PROBLEM REQUIREMENTS: Using the data that follows, output only the lines from the line with "The first step" up to and including the line with "Even if the", exactly, leaving pictures aside.

RECORD EXCERPTS:
***

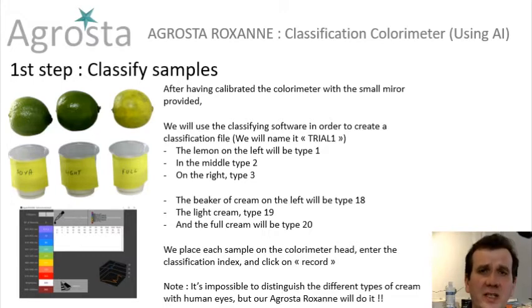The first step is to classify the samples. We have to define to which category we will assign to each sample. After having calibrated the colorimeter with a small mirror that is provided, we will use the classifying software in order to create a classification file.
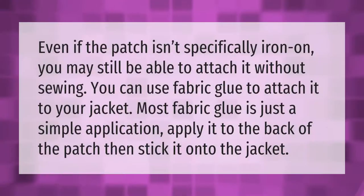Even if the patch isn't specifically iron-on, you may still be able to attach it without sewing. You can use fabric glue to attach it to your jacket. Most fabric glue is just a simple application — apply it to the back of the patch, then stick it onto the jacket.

***

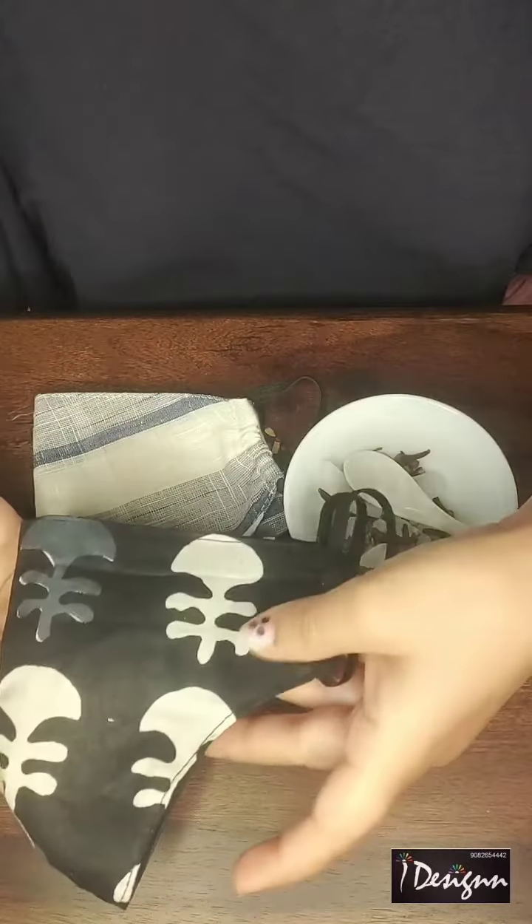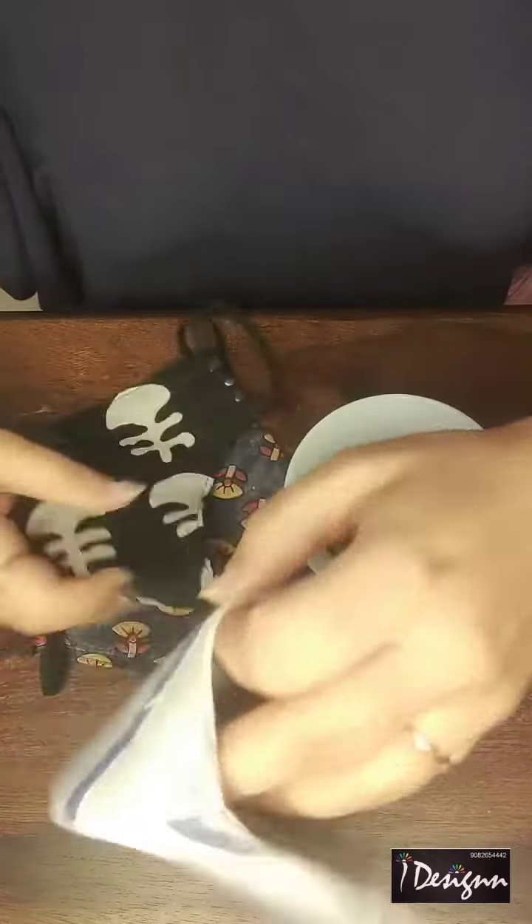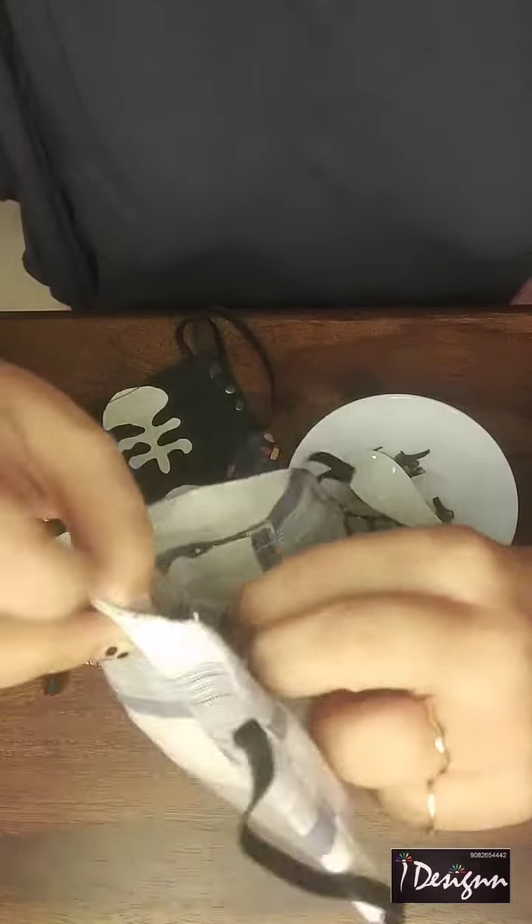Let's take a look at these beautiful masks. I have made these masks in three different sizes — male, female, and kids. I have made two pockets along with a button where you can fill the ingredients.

***

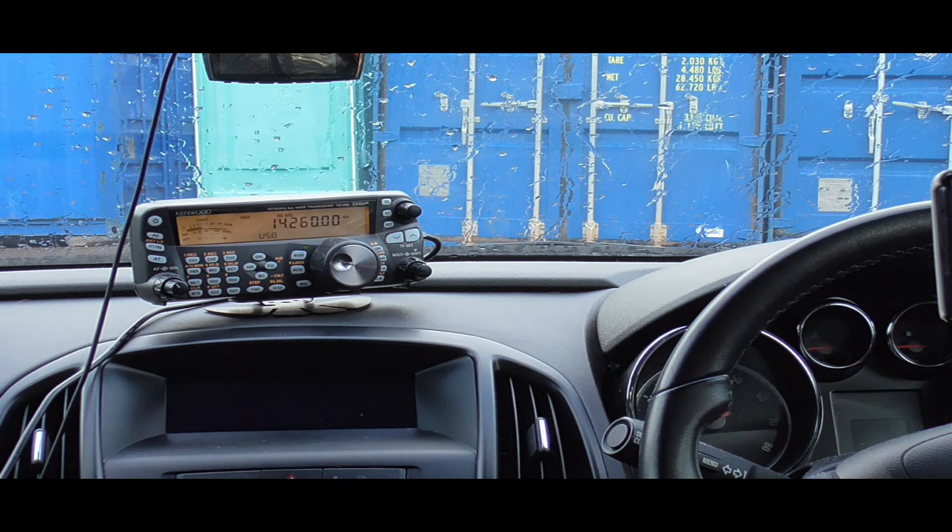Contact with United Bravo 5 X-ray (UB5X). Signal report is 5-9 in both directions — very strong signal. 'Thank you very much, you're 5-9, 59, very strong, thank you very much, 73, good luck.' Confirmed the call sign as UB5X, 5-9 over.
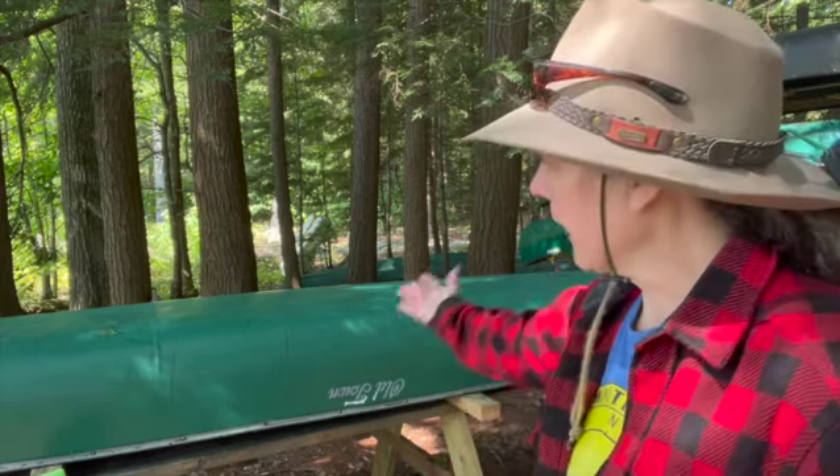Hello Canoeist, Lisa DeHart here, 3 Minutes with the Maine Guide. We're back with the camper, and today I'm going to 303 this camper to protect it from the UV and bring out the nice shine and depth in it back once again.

***

TASK RESULT:
The first step is to classify the samples. We have to define to which category we will assign to each sample. After having calibrated the colorimeter with a small mirror that is provided, we will use the classifying software in order to create a classification file.
Even if the patch isn't specifically iron-on, you may still be able to attach it without sewing. You can use fabric glue to attach it to your jacket. Most fabric glue is just a simple application — apply it to the back of the patch, then stick it onto the jacket.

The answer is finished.